The Brazilian Jazz ensemble presents songs from the great Tom Jobim, including some of his greatest hits and other hidden gems, sung both in English and Portuguese.
Music Director: Goio Lima (flutes and arrangements)
Voices: Victoria Lozano and Alex Manfredo
Acoustic guitar: Beto Rodrigues
Double bass: Eli Naragon
Drums: Chris Morrow
Trombones: Max Yearley and Jeremiah StJohn
Percussion: Dominic Gomes
List of songs:
2- How Insensitive
2- One note samba
3- No more blues
4- Skate board
8- Outra vez
9- Double rainbow
10- Girl from Ipanema
11- Two kites
Antônio Carlos Jobim, in full Antônio Carlos Brasileiro de Almeida, byname Tom Jobim, (born January 25, 1927, Rio de Janeiro, Brazil—died December 8, 1994, New York, New York, U.S.), Brazilian songwriter, composer, and arranger who transformed the extroverted rhythms of the Brazilian samba into an intimate music: the bossa nova (“new trend”), which became internationally popular in the 1960s.

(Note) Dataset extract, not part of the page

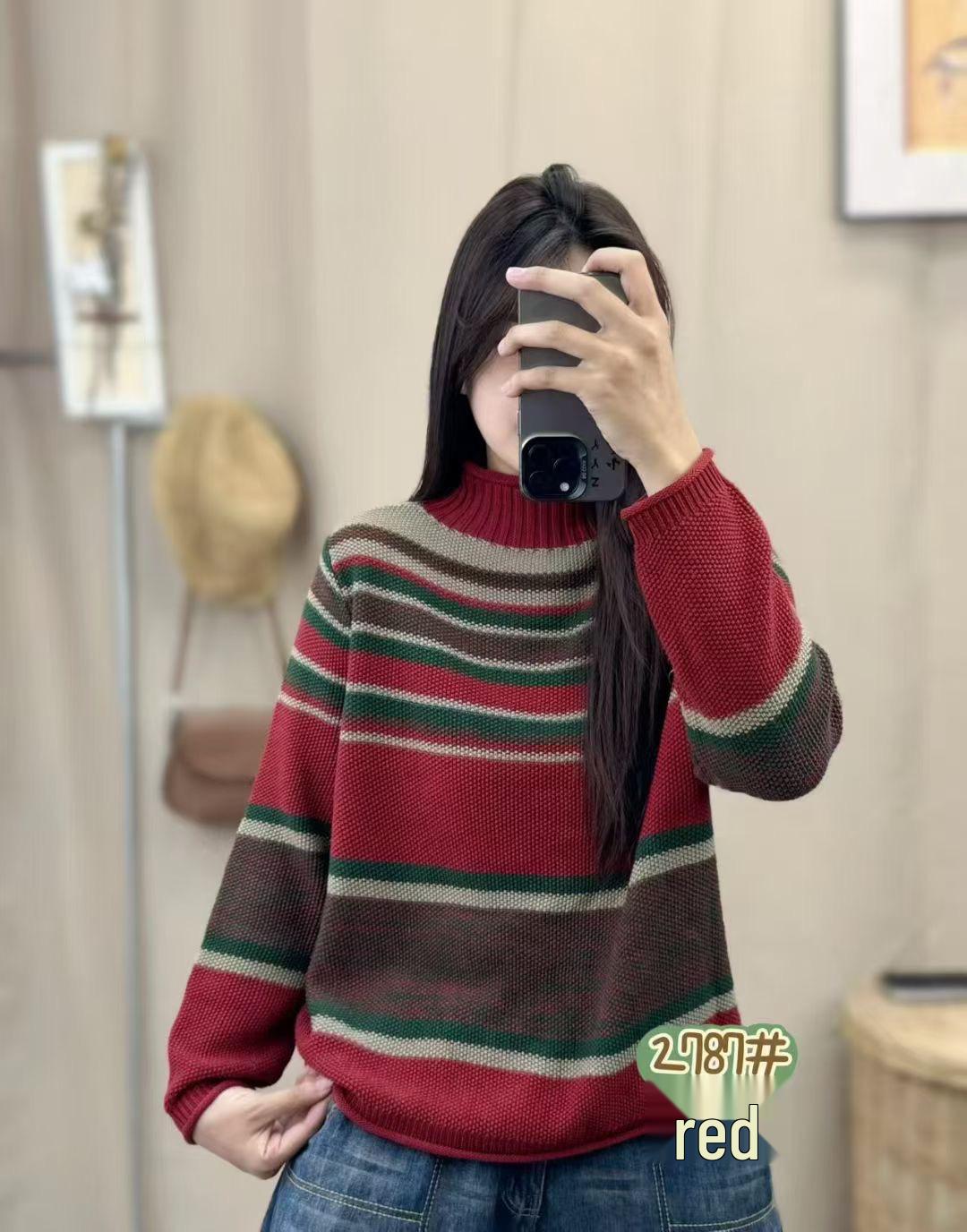 

Women s Retro Color-Block Striped Cotton Knit Sweater, Semi-High Neck, Loose Fit, Anti-Pilling Base Layer for Autumn Casualwear. One Size червоний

“Tom” Jobim—as he was popularly known—first began playing piano when he was 14 years old, on an instrument given to his sister by their stepfather. He quickly showed an aptitude for music, and his stepfather sent him to a series of highly accomplished classically trained musicians for lessons. During the course of his studies, Jobim was particularly inspired by the music of Brazilian composer Heitor Villa Lobos (1887–1959), whose Western classical works regularly employed Brazilian melodic and rhythmic materials. When it came time to choose a career, Jobim initially showed no interest in pursuing music professionally, opting instead to become an architect. He soon became disenchanted with the choice, however, and left the field to devote himself fully to music.
Jobim subsequently performed in the clubs of Rio de Janeiro, transcribed songs for composers who could not write music, and arranged music for various recording artists before becoming music director of Odeon Records, one of the largest record companies in Brazil. In 1958 he began collaborating with singer-guitarist Joao Gilberto, whose recording of Jobim’s song “Chega de Saudade” (1958; “No More Blues”) is widely recognized as the first bossa nova single. Although the song itself met a cold reception, the bossa nova album that bears its name—Chega de Saudade (1959)—took Brazil by storm the following year. Also in 1959, Jobim and composer Luís Bonfá became noted for their collaboration with lyricist Vinicius de Moraes on the score for Orfeu negro (Black Orpheus), which won an Academy Award for best foreign film. By the early 1960s, Jobim’s music was being played around the world.